• **THE TASK**
Each record below needs to be reproduced precisely, though not its pictures.

• **RECORDS FOR THE TASK**
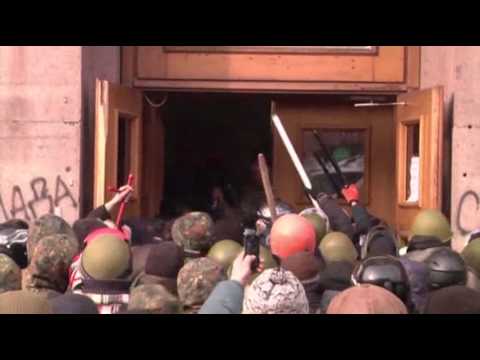 Watch Raw- Opposition Groups Clash in Kiev News Video Video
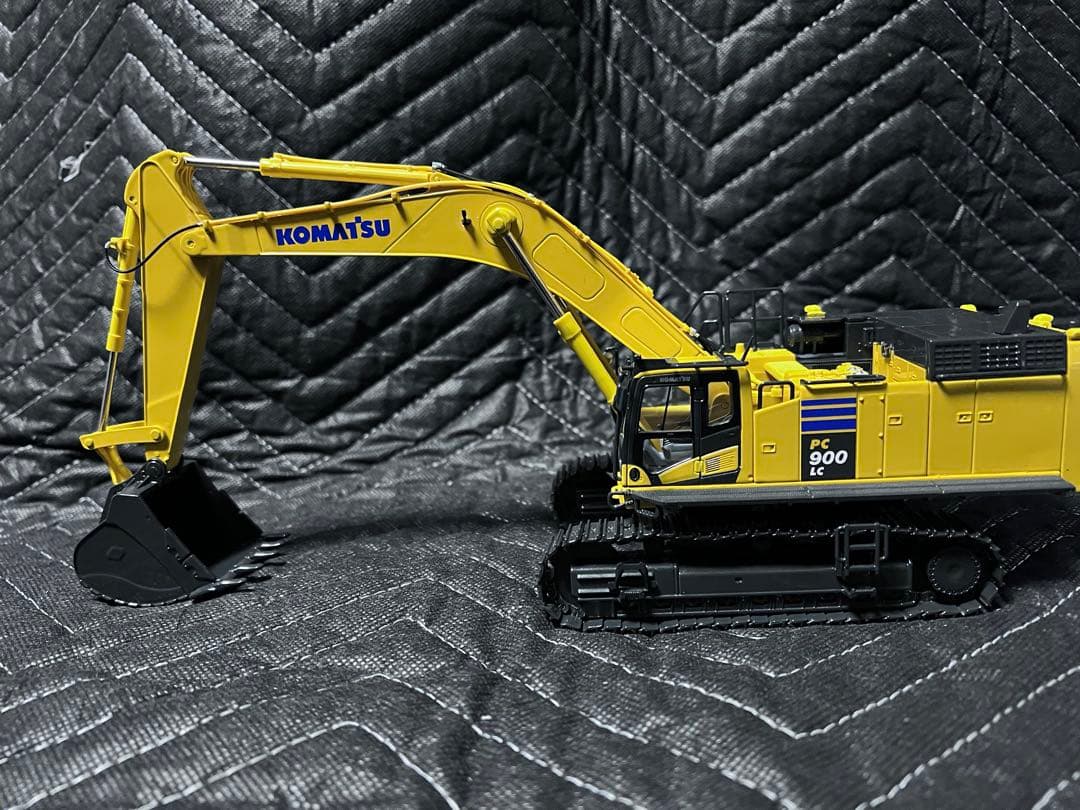 KOMATSU コマツミニチュア　pc900LC-11 1/50スケール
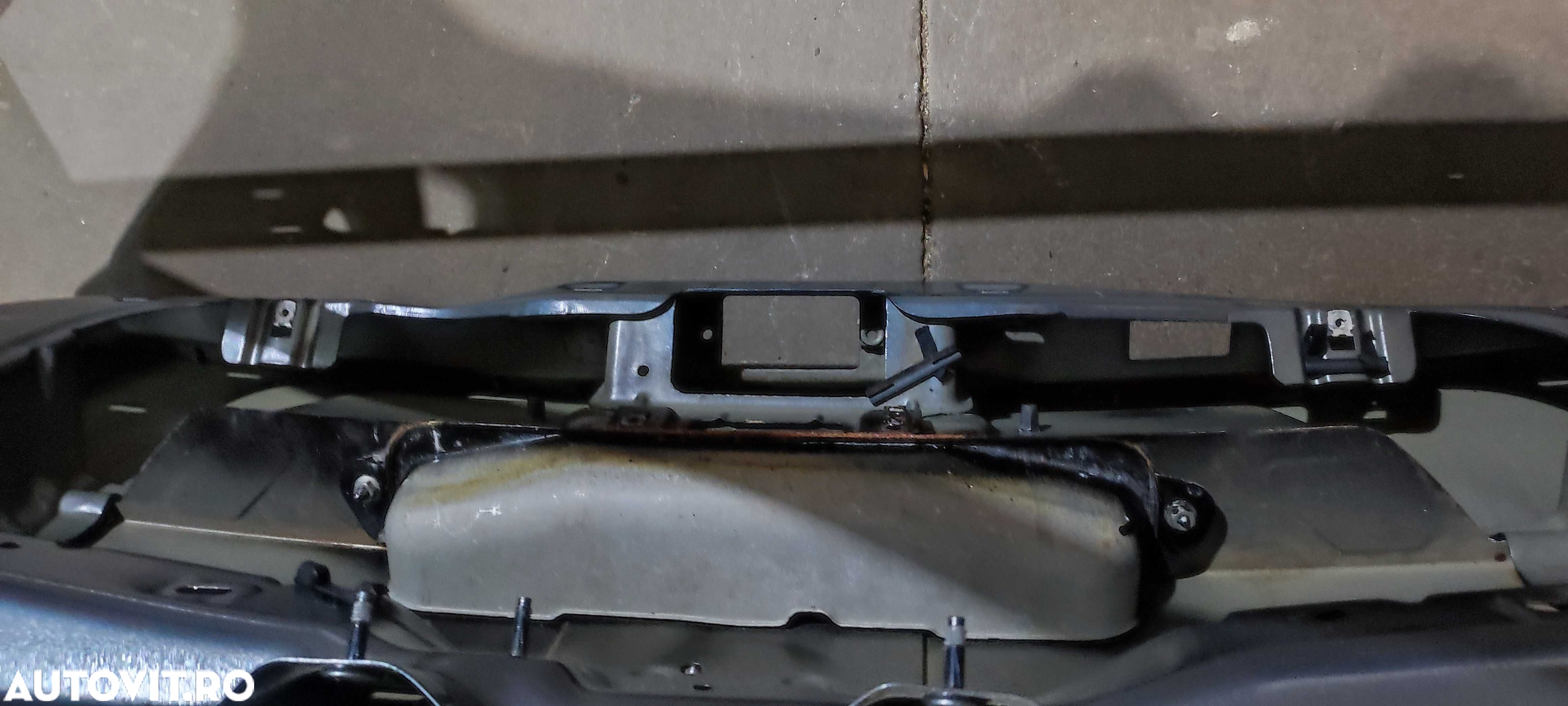 Haion volkswagen vw passat b6 3c 2005-2010 cu defect fara rugina - 5
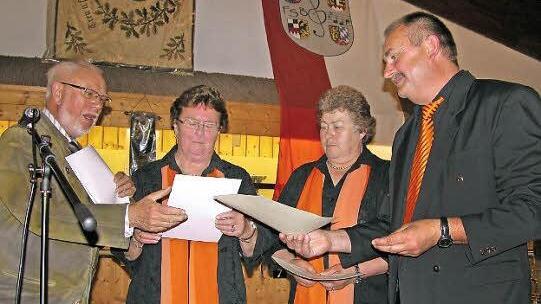 Urkunden des FSB und Deutschen Chorverbandes für 60 und 50 Jahre aktive Treue zum Chorgesang überreichte stellvertretender Sängerkreisvorsitzender Heinz Stelzner an Brigitte Reißenweber und Sonja Horn. Rechts Vereinsvorsitzender Martin Langbein Foto: Klaus Oelzner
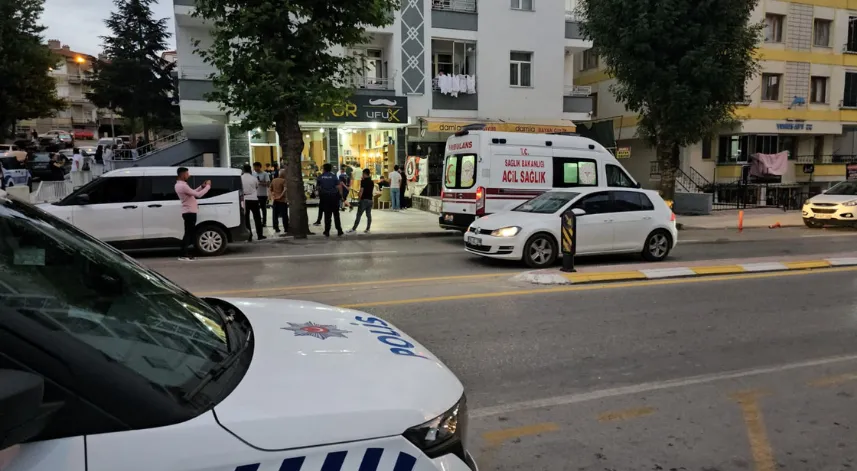 Çorum'da bir kişi berberde karşılaştığı husumetlisini silahla ağır yaraladı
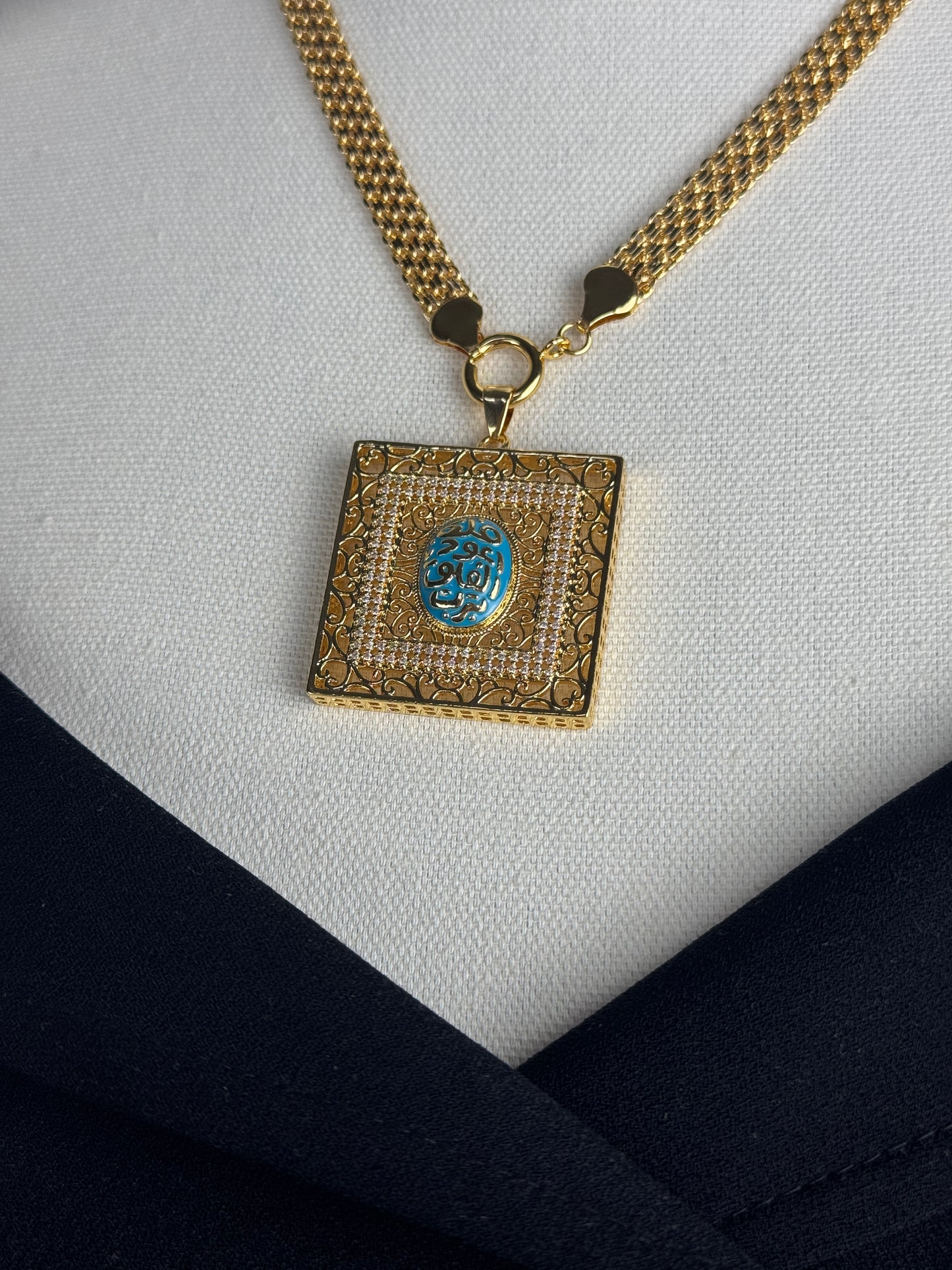 ITALIAN GOLD NECKLACE.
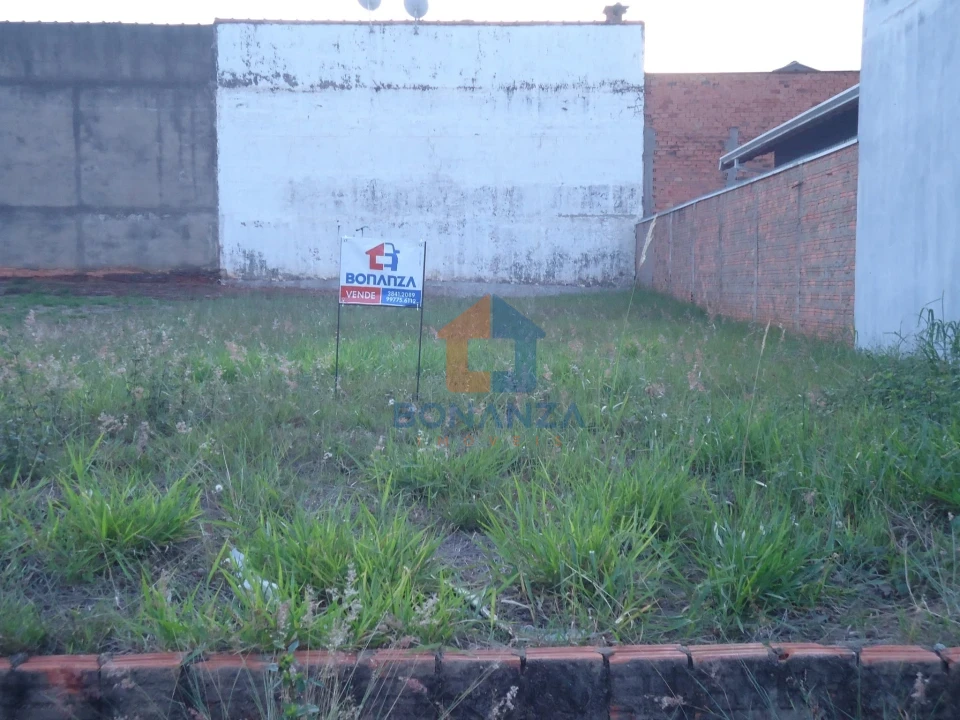 Imagens do imóveis Terreno à Venda no Jardim de Vicentes - R. Manuel Fernandez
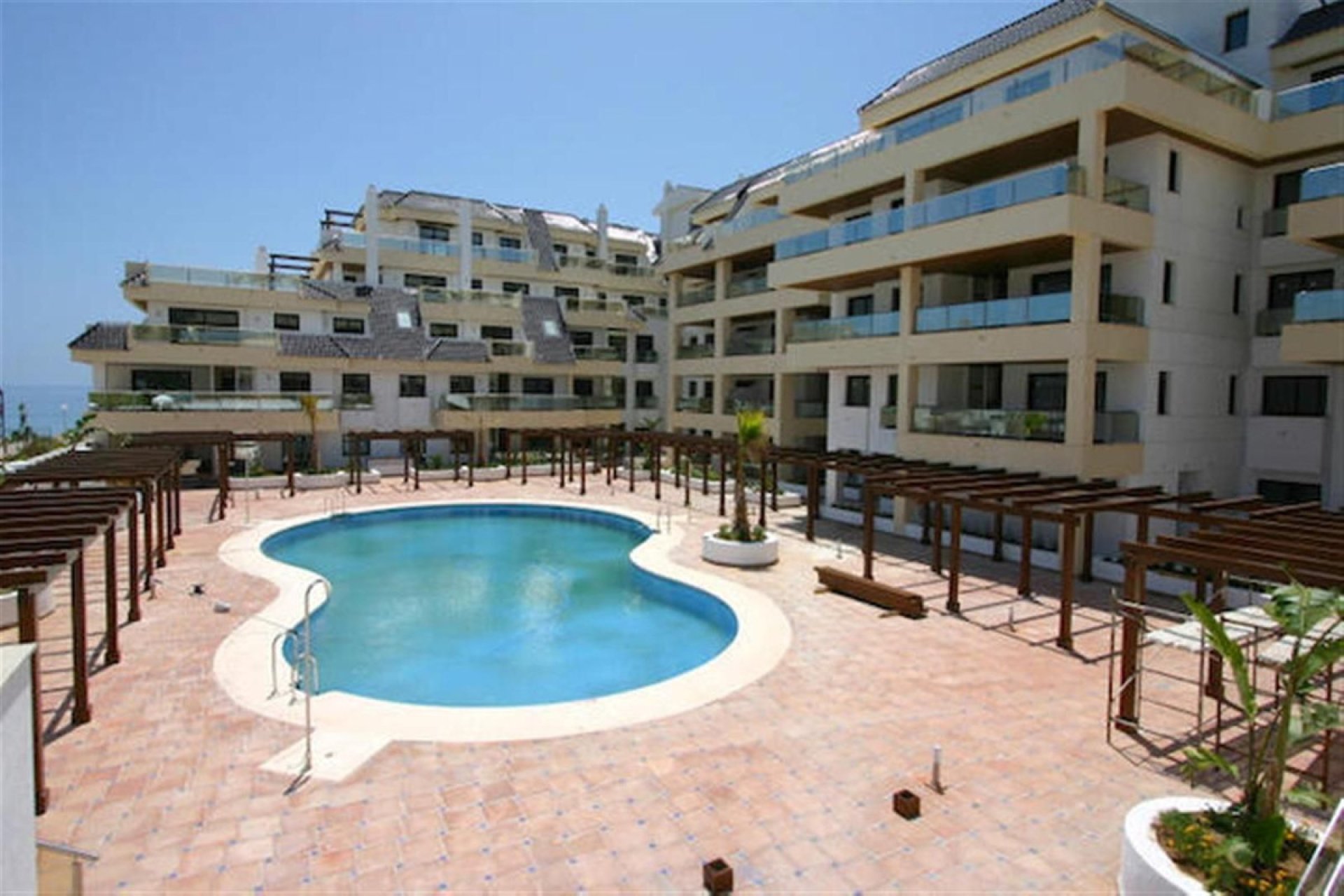 Resale - Ground floor apartment - Manilva - La Duquesa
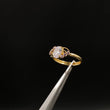 Anillo Ovalo Lineas  1.85gr / T7 3/4 / Solitario Circones Blancos Morados  Oro Amarillo&
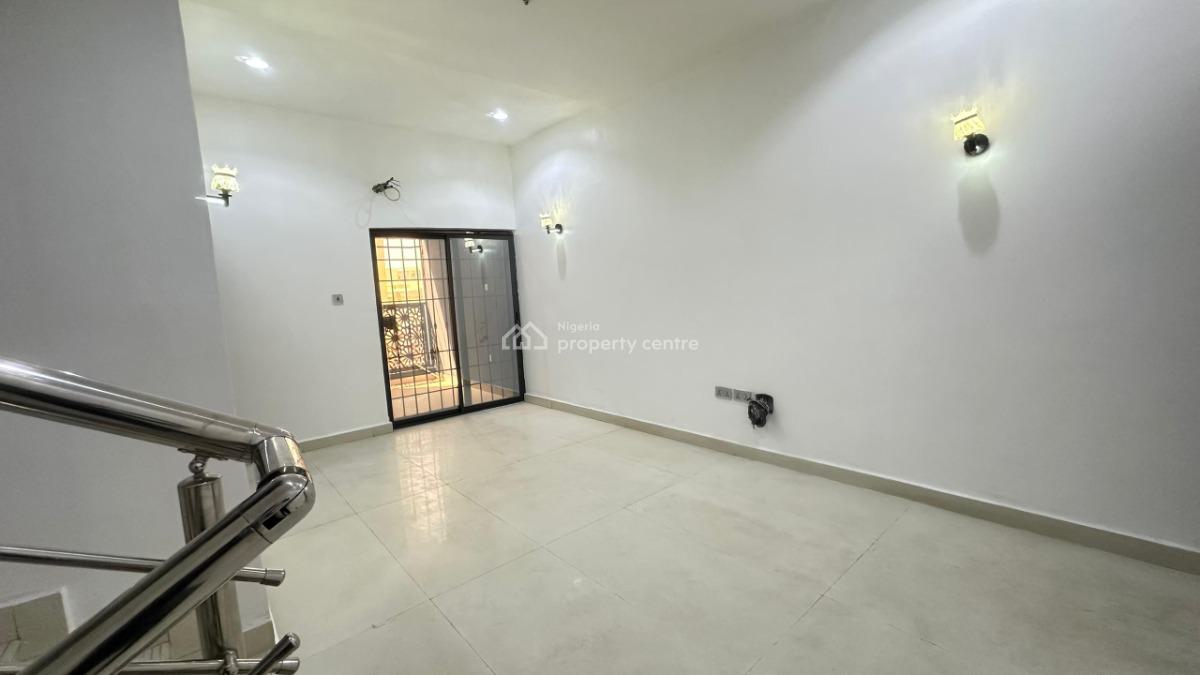 4bedroom Terrace Duplex with Bq in Garki Tarred Road, Garki 2, Garki, Abuja, Terraced Duplex for Rent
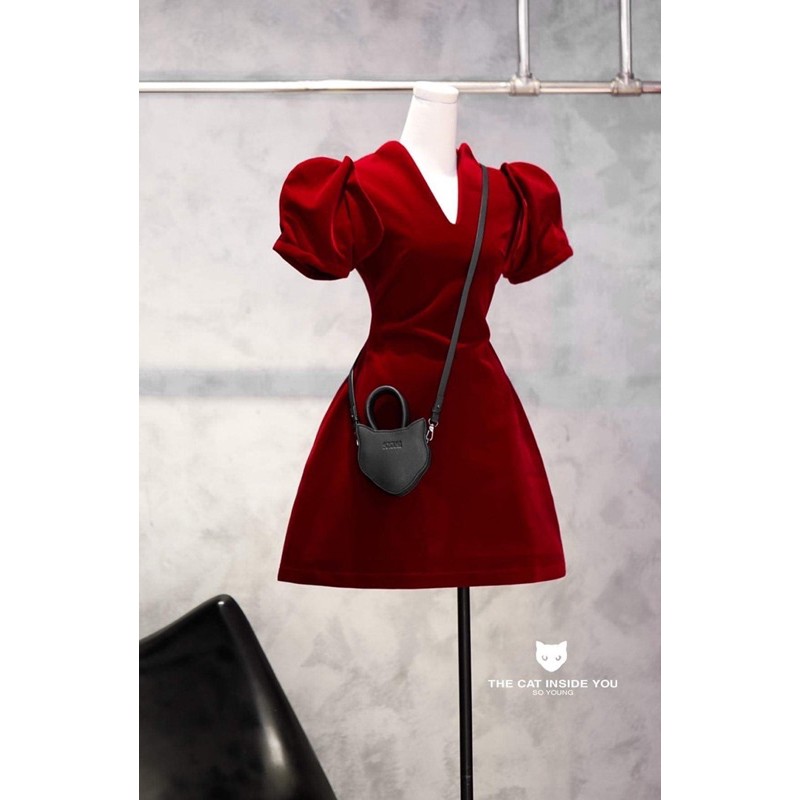 Đầm nhung đỏ So Young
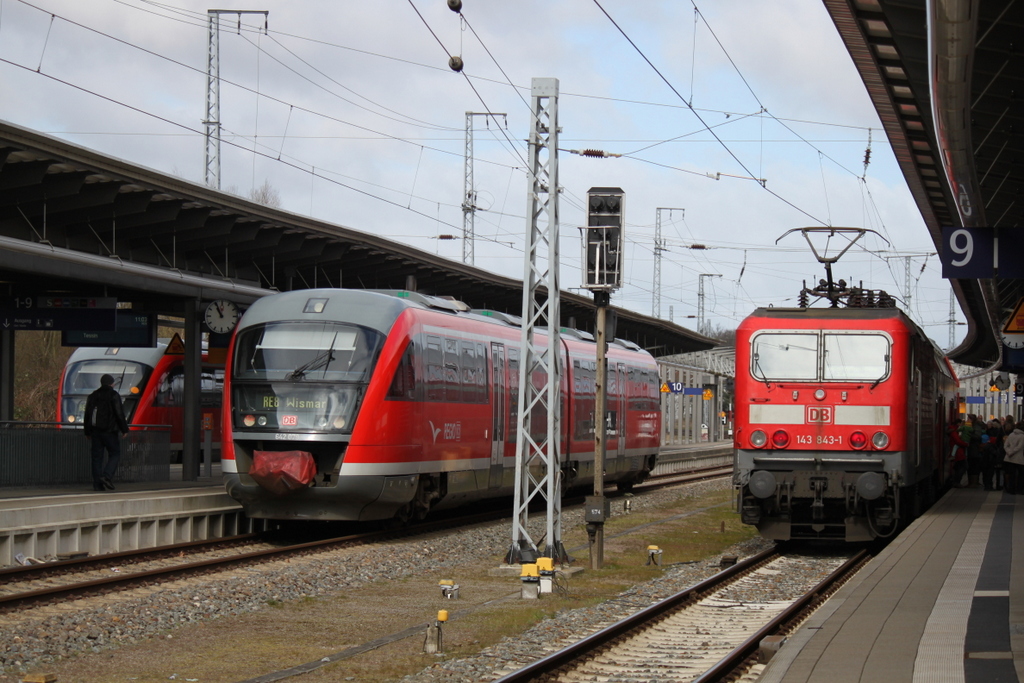 Freude war am 03.04.2015 im Rostocker Hbf gro als der fr tot gelaubte Warnemnde-Express mit 143 843-1 im Rostocker Hbf ankam.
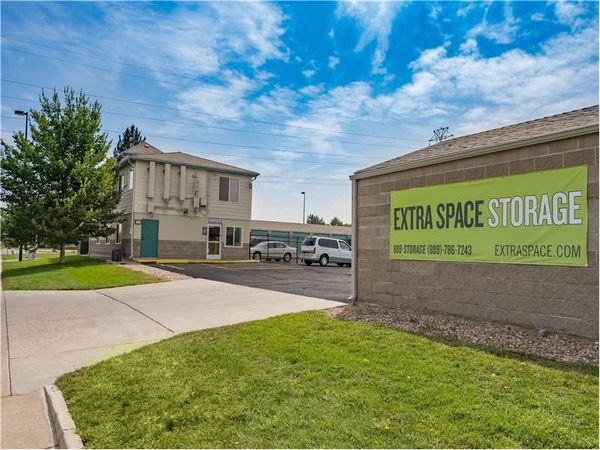 Extra Space Storage facility at 15200 E 53rd Ave - Denver, CO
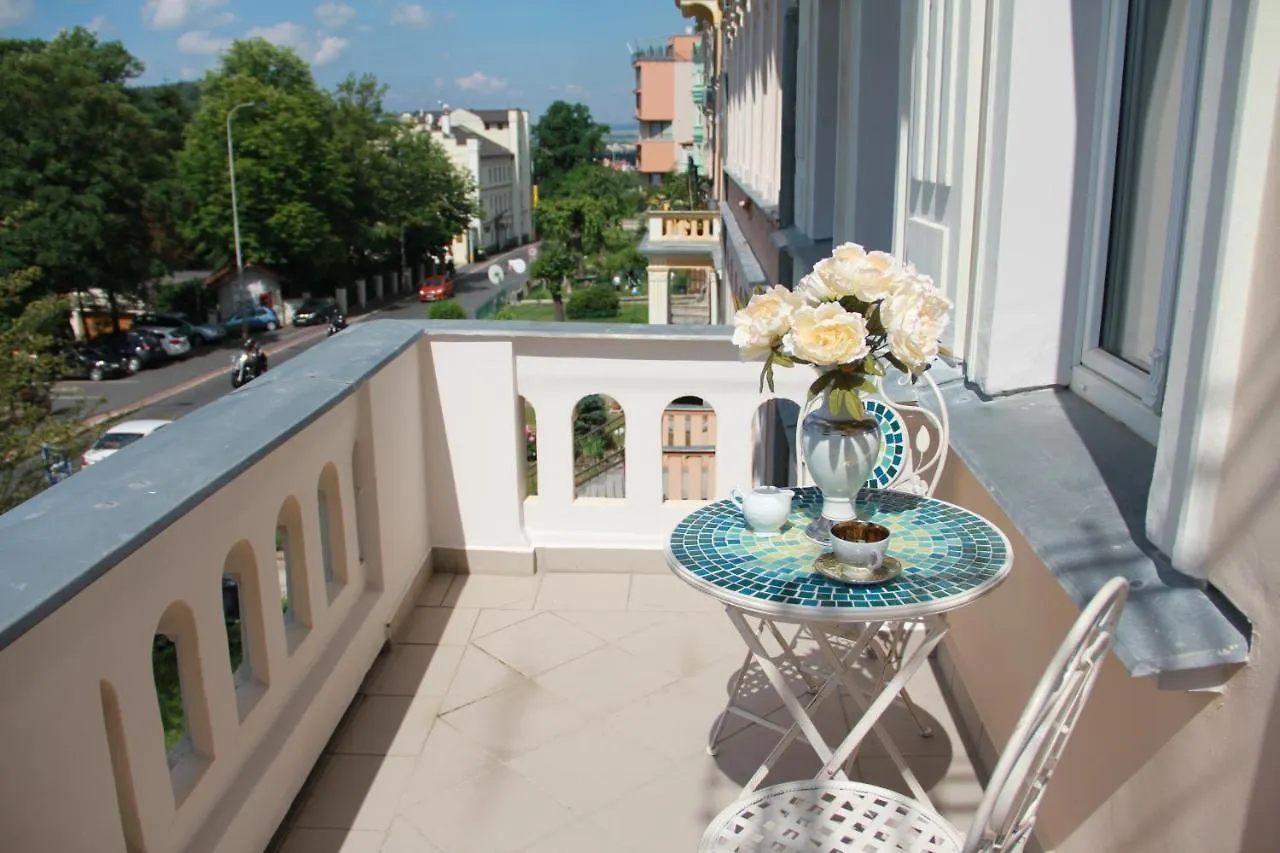 Jurincom Apartments Kralovska Vyhlidka Karlovy Vary Czech Republic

• **COMPLETED TASK**
 Watch Raw- Opposition Groups Clash in Kiev News Video Video
 KOMATSU コマツミニチュア　pc900LC-11 1/50スケール
 Haion volkswagen vw passat b6 3c 2005-2010 cu defect fara rugina - 5
 Urkunden des FSB und Deutschen Chorverbandes für 60 und 50 Jahre aktive Treue zum Chorgesang überreichte stellvertretender Sängerkreisvorsitzender Heinz Stelzner an Brigitte Reißenweber und Sonja Horn. Rechts Vereinsvorsitzender Martin Langbein Foto: Klaus Oelzner
 Çorum'da bir kişi berberde karşılaştığı husumetlisini silahla ağır yaraladı
 ITALIAN GOLD NECKLACE.
 Imagens do imóveis Terreno à Venda no Jardim de Vicentes - R. Manuel Fernandez
 Resale - Ground floor apartment - Manilva - La Duquesa
 Anillo Ovalo Lineas  1.85gr / T7 3/4 / Solitario Circones Blancos Morados  Oro Amarillo&
 4bedroom Terrace Duplex with Bq in Garki Tarred Road, Garki 2, Garki, Abuja, Terraced Duplex for Rent
 Đầm nhung đỏ So Young
 Freude war am 03.04.2015 im Rostocker Hbf gro als der fr tot gelaubte Warnemnde-Express mit 143 843-1 im Rostocker Hbf ankam.
 Extra Space Storage facility at 15200 E 53rd Ave - Denver, CO
 Jurincom Apartments Kralovska Vyhlidka Karlovy Vary Czech Republic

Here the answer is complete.